Friday 31 January 2014

Tales of Angry (Ginger) Women

Hey Everyone!

First let me say that I have no weird beef with gingers, most of my mom's side of the family has red hair and they are all fantastic (hi Mom!) but the Irish love to talk about angry read-headed women, all of which I will get into later.  I'm not really going to talk too much about class in this post cause well, if I did you would be so bored that you would stop reading these posts.  What I am going to talk about are the two weekend bus trips Marie, Lauren, and I took this weekend.   It was a long weekend that I am only now recovering sleep-wise from but it was worth every motion-sick second.

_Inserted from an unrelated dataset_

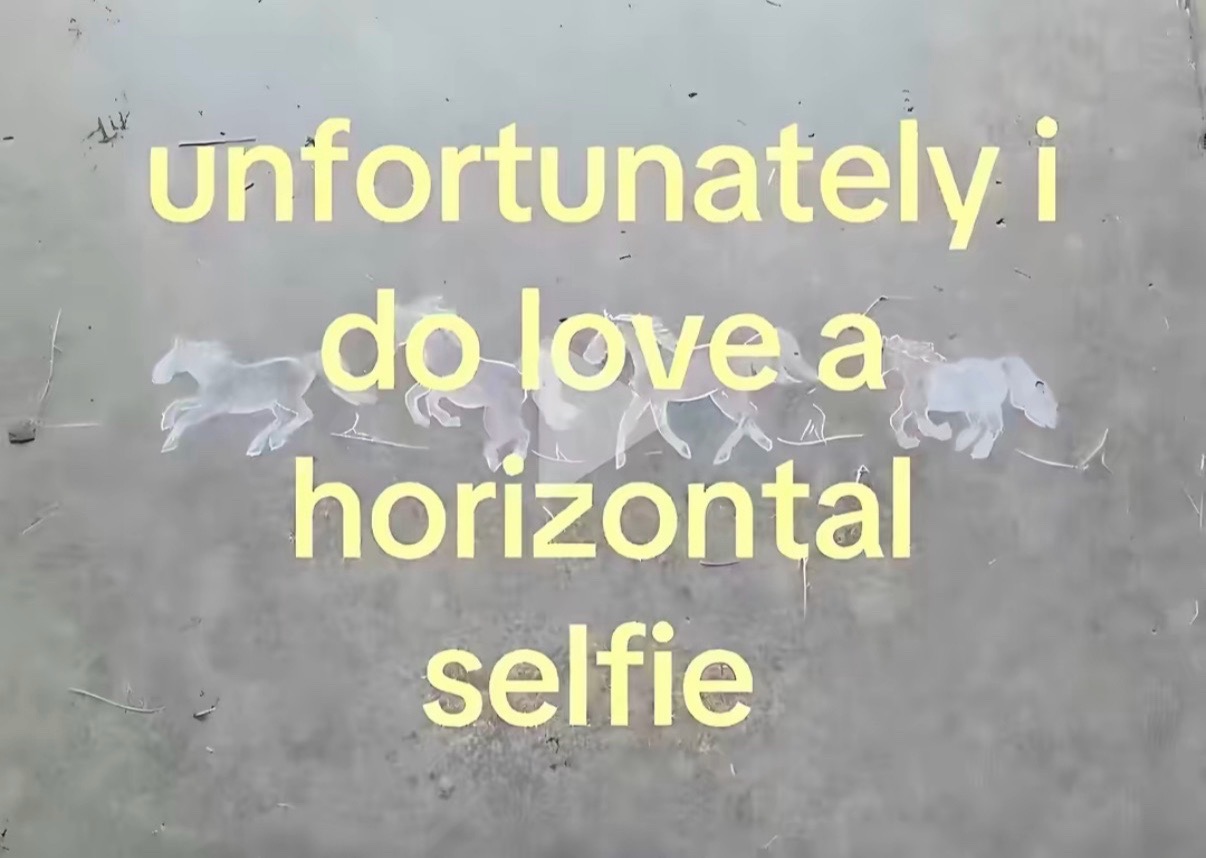 @fayrouz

Day One began at 9:30am when I begrudgingly got my sleepy (maybe slightly hurting from the night before) butt out of bed to throw on some new clothes and head to the bus station.  This seems like an easy task, the bus station was very close to our apartment, but we didn't know where the station was so we wondered a little before landing ourselves in the right place. We were on the bus and on our way by 10.  Between the wind causing the bus to have an unsafe sway to it (we were driving on a cliff next to the ocean for goodness sake!) and the curvy road (there are no thruways) motion-sickness like no other overwhelmed me throughout the journey but for short amounts of time I was distracted by our bus driver Dave.

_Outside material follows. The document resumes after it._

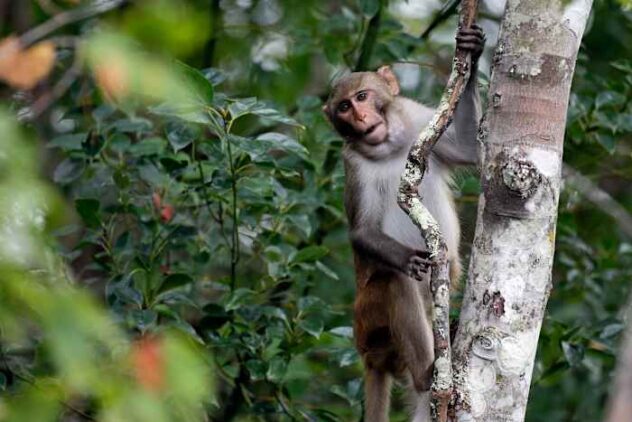 43 monkeys remain on the run from South Carolina lab. CEO thinks they're having an adventure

Dave added all sorts of useless random tidbits to the reservoirs of my knowledge.  Most of these, as the title of this post would suggest, had to do with angry read-headed women.  I learned about one woman (ginger of course) who was so ruthless that she 1) would not allow her almost-dead husband into the house because he didn't win the battle he came home from - he later died in their stable or something that night 2) Used to kick her servants off the Cliffs of Moher if they really made her angry (you'll see a picture of those in a bit so you know just you crazy that is) and 3) The servants that made her angry, but not Cliff-kicking angry, she would hang by their hair from spires of the castle she lived in - yikes!!  We also heard about a ginger lady who killed off her husband whenever she found someone with more wealth that she wanted... enough said about that loony.  There were several stories about other ginger women but those two were the ones that stuck with me the most from Dave.  A conclusion that we drew from Dave's warning to all the men ("Stay away from Irish read-head women!") was that his wife, that we heard some complaints about, must be a ginger. 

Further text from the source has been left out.